=== WHAT YOU ARE ASKED TO DO ===
Retype only the lines below from the one with "Hombre arquitecto analizando" to the one with "368 E Whispering", inclusive, skipping every image.
(INPUT DATA begins)
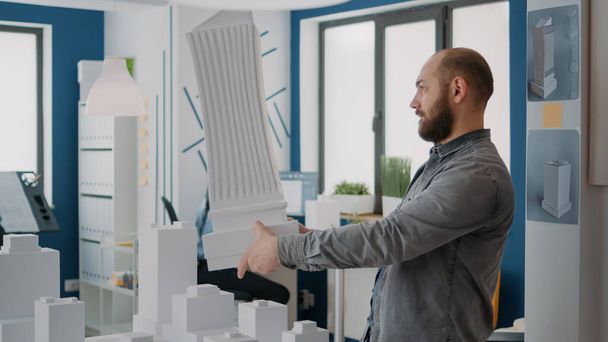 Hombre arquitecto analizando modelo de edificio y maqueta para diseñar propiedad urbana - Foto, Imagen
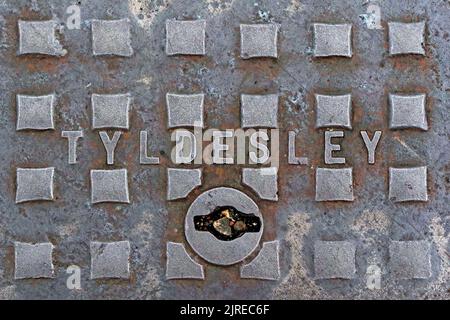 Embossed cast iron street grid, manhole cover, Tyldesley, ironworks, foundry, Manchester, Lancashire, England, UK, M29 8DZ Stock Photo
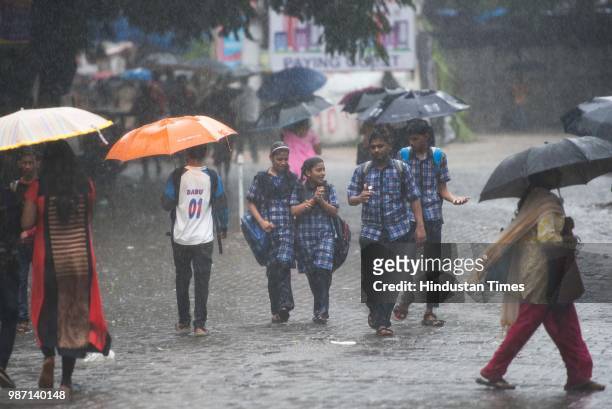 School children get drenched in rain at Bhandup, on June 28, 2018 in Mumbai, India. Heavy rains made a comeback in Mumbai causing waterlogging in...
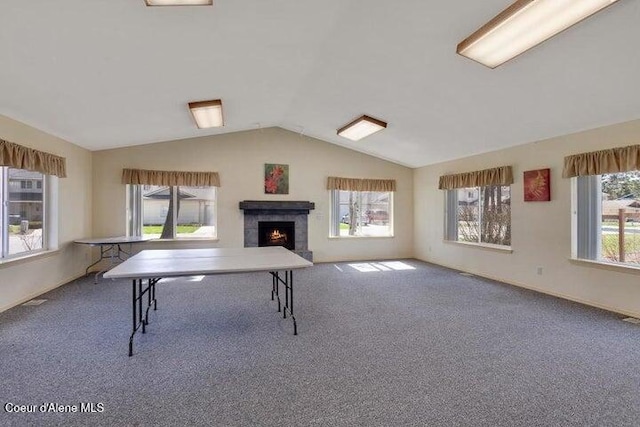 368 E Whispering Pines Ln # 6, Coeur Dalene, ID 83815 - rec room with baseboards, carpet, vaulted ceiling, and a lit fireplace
(INPUT DATA ends)
(INPUT DATA begins)
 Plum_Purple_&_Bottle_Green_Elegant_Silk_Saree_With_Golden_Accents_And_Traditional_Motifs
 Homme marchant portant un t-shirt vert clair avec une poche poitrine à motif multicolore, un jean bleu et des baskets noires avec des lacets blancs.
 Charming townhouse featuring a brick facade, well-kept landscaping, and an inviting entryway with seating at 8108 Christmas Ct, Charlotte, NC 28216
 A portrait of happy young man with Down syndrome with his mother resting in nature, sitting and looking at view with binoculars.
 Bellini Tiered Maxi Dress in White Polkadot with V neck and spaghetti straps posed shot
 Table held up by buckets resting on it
(INPUT DATA ends)
=== OUTPUT OF THE EXERCISE ===
 Hombre arquitecto analizando modelo de edificio y maqueta para diseñar propiedad urbana - Foto, Imagen
 Embossed cast iron street grid, manhole cover, Tyldesley, ironworks, foundry, Manchester, Lancashire, England, UK, M29 8DZ Stock Photo
 School children get drenched in rain at Bhandup, on June 28, 2018 in Mumbai, India. Heavy rains made a comeback in Mumbai causing waterlogging in...
 368 E Whispering Pines Ln # 6, Coeur Dalene, ID 83815 - rec room with baseboards, carpet, vaulted ceiling, and a lit fireplace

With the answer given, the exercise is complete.